[Extracted information Boundary: Start]
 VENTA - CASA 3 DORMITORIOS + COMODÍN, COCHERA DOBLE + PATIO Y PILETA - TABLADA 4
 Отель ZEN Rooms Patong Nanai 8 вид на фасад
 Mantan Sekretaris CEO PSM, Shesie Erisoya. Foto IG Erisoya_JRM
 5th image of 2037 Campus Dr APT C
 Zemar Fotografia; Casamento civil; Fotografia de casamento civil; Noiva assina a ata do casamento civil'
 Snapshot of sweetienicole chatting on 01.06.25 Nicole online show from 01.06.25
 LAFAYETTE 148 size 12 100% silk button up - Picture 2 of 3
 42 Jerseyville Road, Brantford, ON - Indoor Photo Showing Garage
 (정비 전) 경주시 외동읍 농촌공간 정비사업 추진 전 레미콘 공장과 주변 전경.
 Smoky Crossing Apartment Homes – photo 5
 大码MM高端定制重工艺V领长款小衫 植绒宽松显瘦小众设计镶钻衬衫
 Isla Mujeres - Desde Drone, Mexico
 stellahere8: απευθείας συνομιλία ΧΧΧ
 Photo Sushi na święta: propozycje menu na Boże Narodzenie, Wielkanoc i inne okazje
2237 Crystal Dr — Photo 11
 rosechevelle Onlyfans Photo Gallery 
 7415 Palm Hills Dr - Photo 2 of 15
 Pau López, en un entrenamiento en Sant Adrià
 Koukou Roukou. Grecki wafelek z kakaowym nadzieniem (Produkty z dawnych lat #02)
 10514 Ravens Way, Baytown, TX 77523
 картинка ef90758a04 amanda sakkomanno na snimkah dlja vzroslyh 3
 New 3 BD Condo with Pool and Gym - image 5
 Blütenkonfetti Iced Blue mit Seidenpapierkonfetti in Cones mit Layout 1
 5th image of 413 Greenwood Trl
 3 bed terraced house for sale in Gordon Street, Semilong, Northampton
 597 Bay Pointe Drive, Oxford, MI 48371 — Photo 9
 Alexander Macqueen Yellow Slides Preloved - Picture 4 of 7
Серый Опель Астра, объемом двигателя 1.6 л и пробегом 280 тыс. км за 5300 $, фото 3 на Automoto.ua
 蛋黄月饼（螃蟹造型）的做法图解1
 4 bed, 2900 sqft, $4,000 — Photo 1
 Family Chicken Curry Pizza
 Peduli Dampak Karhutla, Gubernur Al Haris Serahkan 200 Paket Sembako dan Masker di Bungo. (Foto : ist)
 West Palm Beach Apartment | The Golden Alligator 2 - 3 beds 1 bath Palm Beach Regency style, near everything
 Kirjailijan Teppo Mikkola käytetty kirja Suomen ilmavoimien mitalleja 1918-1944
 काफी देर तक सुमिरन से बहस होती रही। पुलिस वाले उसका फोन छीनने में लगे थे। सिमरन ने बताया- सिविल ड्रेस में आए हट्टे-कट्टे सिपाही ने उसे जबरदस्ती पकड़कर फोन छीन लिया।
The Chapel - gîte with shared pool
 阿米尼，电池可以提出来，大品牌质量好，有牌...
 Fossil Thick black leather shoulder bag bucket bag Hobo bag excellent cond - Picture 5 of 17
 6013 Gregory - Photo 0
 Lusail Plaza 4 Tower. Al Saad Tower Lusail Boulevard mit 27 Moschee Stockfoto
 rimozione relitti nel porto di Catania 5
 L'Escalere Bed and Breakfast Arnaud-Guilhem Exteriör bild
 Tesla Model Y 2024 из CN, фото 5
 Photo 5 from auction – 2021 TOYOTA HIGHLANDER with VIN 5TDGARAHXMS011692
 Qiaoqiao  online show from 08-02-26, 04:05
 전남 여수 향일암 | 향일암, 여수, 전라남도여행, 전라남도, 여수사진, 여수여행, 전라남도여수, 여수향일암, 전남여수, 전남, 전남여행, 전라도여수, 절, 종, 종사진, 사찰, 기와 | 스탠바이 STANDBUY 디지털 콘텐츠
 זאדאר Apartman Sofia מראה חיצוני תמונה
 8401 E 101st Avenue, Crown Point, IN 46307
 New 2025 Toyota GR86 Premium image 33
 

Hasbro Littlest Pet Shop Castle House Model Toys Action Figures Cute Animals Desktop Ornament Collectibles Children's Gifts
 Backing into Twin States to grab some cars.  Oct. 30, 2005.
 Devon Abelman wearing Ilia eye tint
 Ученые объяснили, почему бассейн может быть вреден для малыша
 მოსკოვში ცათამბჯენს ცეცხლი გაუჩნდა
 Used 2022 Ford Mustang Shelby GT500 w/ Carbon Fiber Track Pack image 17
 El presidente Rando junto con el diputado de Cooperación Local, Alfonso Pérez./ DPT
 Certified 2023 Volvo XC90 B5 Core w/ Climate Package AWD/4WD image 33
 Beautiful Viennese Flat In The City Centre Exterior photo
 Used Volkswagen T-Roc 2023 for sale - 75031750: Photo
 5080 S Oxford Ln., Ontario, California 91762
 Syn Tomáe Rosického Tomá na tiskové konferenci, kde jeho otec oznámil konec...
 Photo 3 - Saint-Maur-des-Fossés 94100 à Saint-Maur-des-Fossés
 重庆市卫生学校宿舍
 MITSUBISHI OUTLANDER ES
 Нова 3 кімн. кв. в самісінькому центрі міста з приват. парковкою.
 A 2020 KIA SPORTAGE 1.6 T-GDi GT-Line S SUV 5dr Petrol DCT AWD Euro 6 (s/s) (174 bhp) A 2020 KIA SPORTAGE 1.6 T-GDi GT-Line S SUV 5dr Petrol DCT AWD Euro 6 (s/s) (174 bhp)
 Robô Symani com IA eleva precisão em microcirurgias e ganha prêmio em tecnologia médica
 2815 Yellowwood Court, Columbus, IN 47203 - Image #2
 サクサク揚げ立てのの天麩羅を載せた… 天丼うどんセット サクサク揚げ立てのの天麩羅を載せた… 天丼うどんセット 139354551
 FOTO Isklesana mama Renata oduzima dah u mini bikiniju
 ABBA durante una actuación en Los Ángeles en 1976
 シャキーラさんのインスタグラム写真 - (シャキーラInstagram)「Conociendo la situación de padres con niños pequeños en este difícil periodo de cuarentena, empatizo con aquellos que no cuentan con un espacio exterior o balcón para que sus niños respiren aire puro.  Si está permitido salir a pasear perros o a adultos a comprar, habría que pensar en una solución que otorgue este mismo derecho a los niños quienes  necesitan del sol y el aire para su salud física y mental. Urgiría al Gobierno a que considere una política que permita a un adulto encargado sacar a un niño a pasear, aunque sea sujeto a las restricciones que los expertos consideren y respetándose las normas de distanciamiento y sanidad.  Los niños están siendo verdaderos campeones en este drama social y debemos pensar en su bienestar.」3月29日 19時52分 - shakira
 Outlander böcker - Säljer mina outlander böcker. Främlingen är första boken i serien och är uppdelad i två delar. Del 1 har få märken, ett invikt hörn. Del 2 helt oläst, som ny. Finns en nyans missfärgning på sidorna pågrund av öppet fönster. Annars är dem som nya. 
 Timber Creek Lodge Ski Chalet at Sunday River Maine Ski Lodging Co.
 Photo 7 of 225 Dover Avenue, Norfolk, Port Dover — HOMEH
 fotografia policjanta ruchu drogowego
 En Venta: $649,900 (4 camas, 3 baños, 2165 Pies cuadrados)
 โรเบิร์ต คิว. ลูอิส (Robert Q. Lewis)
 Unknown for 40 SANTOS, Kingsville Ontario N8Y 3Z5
[Extracted information Boundary: End]
__Task instructions__. Please set down the entire listing once more, exactly as it stands.

__Answer to this task__.
 VENTA - CASA 3 DORMITORIOS + COMODÍN, COCHERA DOBLE + PATIO Y PILETA - TABLADA 4
 Отель ZEN Rooms Patong Nanai 8 вид на фасад
 Mantan Sekretaris CEO PSM, Shesie Erisoya. Foto IG Erisoya_JRM
 5th image of 2037 Campus Dr APT C
 Zemar Fotografia; Casamento civil; Fotografia de casamento civil; Noiva assina a ata do casamento civil'
 Snapshot of sweetienicole chatting on 01.06.25 Nicole online show from 01.06.25
 LAFAYETTE 148 size 12 100% silk button up - Picture 2 of 3
 42 Jerseyville Road, Brantford, ON - Indoor Photo Showing Garage
 (정비 전) 경주시 외동읍 농촌공간 정비사업 추진 전 레미콘 공장과 주변 전경.
 Smoky Crossing Apartment Homes – photo 5
 大码MM高端定制重工艺V领长款小衫 植绒宽松显瘦小众设计镶钻衬衫
 Isla Mujeres - Desde Drone, Mexico
 stellahere8: απευθείας συνομιλία ΧΧΧ
 Photo Sushi na święta: propozycje menu na Boże Narodzenie, Wielkanoc i inne okazje
2237 Crystal Dr — Photo 11
 rosechevelle Onlyfans Photo Gallery 
 7415 Palm Hills Dr - Photo 2 of 15
 Pau López, en un entrenamiento en Sant Adrià
 Koukou Roukou. Grecki wafelek z kakaowym nadzieniem (Produkty z dawnych lat #02)
 10514 Ravens Way, Baytown, TX 77523
 картинка ef90758a04 amanda sakkomanno na snimkah dlja vzroslyh 3
 New 3 BD Condo with Pool and Gym - image 5
 Blütenkonfetti Iced Blue mit Seidenpapierkonfetti in Cones mit Layout 1
 5th image of 413 Greenwood Trl
 3 bed terraced house for sale in Gordon Street, Semilong, Northampton
 597 Bay Pointe Drive, Oxford, MI 48371 — Photo 9
 Alexander Macqueen Yellow Slides Preloved - Picture 4 of 7
Серый Опель Астра, объемом двигателя 1.6 л и пробегом 280 тыс. км за 5300 $, фото 3 на Automoto.ua
 蛋黄月饼（螃蟹造型）的做法图解1
 4 bed, 2900 sqft, $4,000 — Photo 1
 Family Chicken Curry Pizza
 Peduli Dampak Karhutla, Gubernur Al Haris Serahkan 200 Paket Sembako dan Masker di Bungo. (Foto : ist)
 West Palm Beach Apartment | The Golden Alligator 2 - 3 beds 1 bath Palm Beach Regency style, near everything
 Kirjailijan Teppo Mikkola käytetty kirja Suomen ilmavoimien mitalleja 1918-1944
 काफी देर तक सुमिरन से बहस होती रही। पुलिस वाले उसका फोन छीनने में लगे थे। सिमरन ने बताया- सिविल ड्रेस में आए हट्टे-कट्टे सिपाही ने उसे जबरदस्ती पकड़कर फोन छीन लिया।
The Chapel - gîte with shared pool
 阿米尼，电池可以提出来，大品牌质量好，有牌...
 Fossil Thick black leather shoulder bag bucket bag Hobo bag excellent cond - Picture 5 of 17
 6013 Gregory - Photo 0
 Lusail Plaza 4 Tower. Al Saad Tower Lusail Boulevard mit 27 Moschee Stockfoto
 rimozione relitti nel porto di Catania 5
 L'Escalere Bed and Breakfast Arnaud-Guilhem Exteriör bild
 Tesla Model Y 2024 из CN, фото 5
 Photo 5 from auction – 2021 TOYOTA HIGHLANDER with VIN 5TDGARAHXMS011692
 Qiaoqiao  online show from 08-02-26, 04:05
 전남 여수 향일암 | 향일암, 여수, 전라남도여행, 전라남도, 여수사진, 여수여행, 전라남도여수, 여수향일암, 전남여수, 전남, 전남여행, 전라도여수, 절, 종, 종사진, 사찰, 기와 | 스탠바이 STANDBUY 디지털 콘텐츠
 זאדאר Apartman Sofia מראה חיצוני תמונה
 8401 E 101st Avenue, Crown Point, IN 46307
 New 2025 Toyota GR86 Premium image 33
 

Hasbro Littlest Pet Shop Castle House Model Toys Action Figures Cute Animals Desktop Ornament Collectibles Children's Gifts
 Backing into Twin States to grab some cars.  Oct. 30, 2005.
 Devon Abelman wearing Ilia eye tint
 Ученые объяснили, почему бассейн может быть вреден для малыша
 მოსკოვში ცათამბჯენს ცეცხლი გაუჩნდა
 Used 2022 Ford Mustang Shelby GT500 w/ Carbon Fiber Track Pack image 17
 El presidente Rando junto con el diputado de Cooperación Local, Alfonso Pérez./ DPT
 Certified 2023 Volvo XC90 B5 Core w/ Climate Package AWD/4WD image 33
 Beautiful Viennese Flat In The City Centre Exterior photo
 Used Volkswagen T-Roc 2023 for sale - 75031750: Photo
 5080 S Oxford Ln., Ontario, California 91762
 Syn Tomáe Rosického Tomá na tiskové konferenci, kde jeho otec oznámil konec...
 Photo 3 - Saint-Maur-des-Fossés 94100 à Saint-Maur-des-Fossés
 重庆市卫生学校宿舍
 MITSUBISHI OUTLANDER ES
 Нова 3 кімн. кв. в самісінькому центрі міста з приват. парковкою.
 A 2020 KIA SPORTAGE 1.6 T-GDi GT-Line S SUV 5dr Petrol DCT AWD Euro 6 (s/s) (174 bhp) A 2020 KIA SPORTAGE 1.6 T-GDi GT-Line S SUV 5dr Petrol DCT AWD Euro 6 (s/s) (174 bhp)
 Robô Symani com IA eleva precisão em microcirurgias e ganha prêmio em tecnologia médica
 2815 Yellowwood Court, Columbus, IN 47203 - Image #2
 サクサク揚げ立てのの天麩羅を載せた… 天丼うどんセット サクサク揚げ立てのの天麩羅を載せた… 天丼うどんセット 139354551
 FOTO Isklesana mama Renata oduzima dah u mini bikiniju
 ABBA durante una actuación en Los Ángeles en 1976
 シャキーラさんのインスタグラム写真 - (シャキーラInstagram)「Conociendo la situación de padres con niños pequeños en este difícil periodo de cuarentena, empatizo con aquellos que no cuentan con un espacio exterior o balcón para que sus niños respiren aire puro.  Si está permitido salir a pasear perros o a adultos a comprar, habría que pensar en una solución que otorgue este mismo derecho a los niños quienes  necesitan del sol y el aire para su salud física y mental. Urgiría al Gobierno a que considere una política que permita a un adulto encargado sacar a un niño a pasear, aunque sea sujeto a las restricciones que los expertos consideren y respetándose las normas de distanciamiento y sanidad.  Los niños están siendo verdaderos campeones en este drama social y debemos pensar en su bienestar.」3月29日 19時52分 - shakira
 Outlander böcker - Säljer mina outlander böcker. Främlingen är första boken i serien och är uppdelad i två delar. Del 1 har få märken, ett invikt hörn. Del 2 helt oläst, som ny. Finns en nyans missfärgning på sidorna pågrund av öppet fönster. Annars är dem som nya. 
 Timber Creek Lodge Ski Chalet at Sunday River Maine Ski Lodging Co.
 Photo 7 of 225 Dover Avenue, Norfolk, Port Dover — HOMEH
 fotografia policjanta ruchu drogowego
 En Venta: $649,900 (4 camas, 3 baños, 2165 Pies cuadrados)
 โรเบิร์ต คิว. ลูอิส (Robert Q. Lewis)
 Unknown for 40 SANTOS, Kingsville Ontario N8Y 3Z5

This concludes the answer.